Sugar is everywhere. In foods that you wouldn’t expect it to be in. After reading this excellent article in the Toronto Star online, I thought that both you and writer Lori Nickel needed some help in just how to ditch the sugar from your diet.
A self proclaimed addict, Lori chose to go cold turkey. Some personalities can do this but I don’t recommend jumping in right this minute. Plan for this change, both mentally and practically. You can choose to go cold turkey, but it’s more painful. And you’ll likely fall off the sugar-free wagon before you really get to feel and see the success and benefits.
Here are five ways to successfully ditch the sugar from your diet:
- Write down what you normally eat that contains sugar so you know what you need to ditch and find replacements for.

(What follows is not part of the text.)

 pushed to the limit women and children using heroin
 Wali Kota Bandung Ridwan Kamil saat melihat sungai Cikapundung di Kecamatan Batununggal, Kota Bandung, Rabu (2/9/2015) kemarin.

Notice when you crave sugar the most, likely mid afternoon and maybe in the evening. You could be different. Take a day or two to do this.
- Get all the treats; pastries, brownies, cookies, chocolate, candy, crackers (yes read that label), cereal and sauces out of the house. Ditch it from your desk, car, purse, gym bag or any other stash you have. Unless you have willpower of steel getting rid of it will mean you have no go-to at a weak moment.
- Buy alternatives. Whatever your favourite or go-to is for that mid-afternoon crash, find something else to eat when you know you’ll need it. If donuts are your thing during your coffee break at work (and only real coffee, no syrup squirts or flavoured coffee anymore) take in something as an alternative. I’d suggest fruit and nuts. Not encased in chocolate, but the real thing. Apple, banana, pear, grapes, berries or whatever else tickles your fancy. Nuts; almond, walnut, pecan, cashew, brazil, or any seeds that you like. If soft drinks are your thing, then take a bottle of water with you and jazz it up with some berries, mint, cucumber, lemon or lime. Try kombucha tea as an alternative to pop. Still fizzy and sweet but all the sugar is used up to make this drink so there’s no real sugar left. It’s on the good-to-drink list.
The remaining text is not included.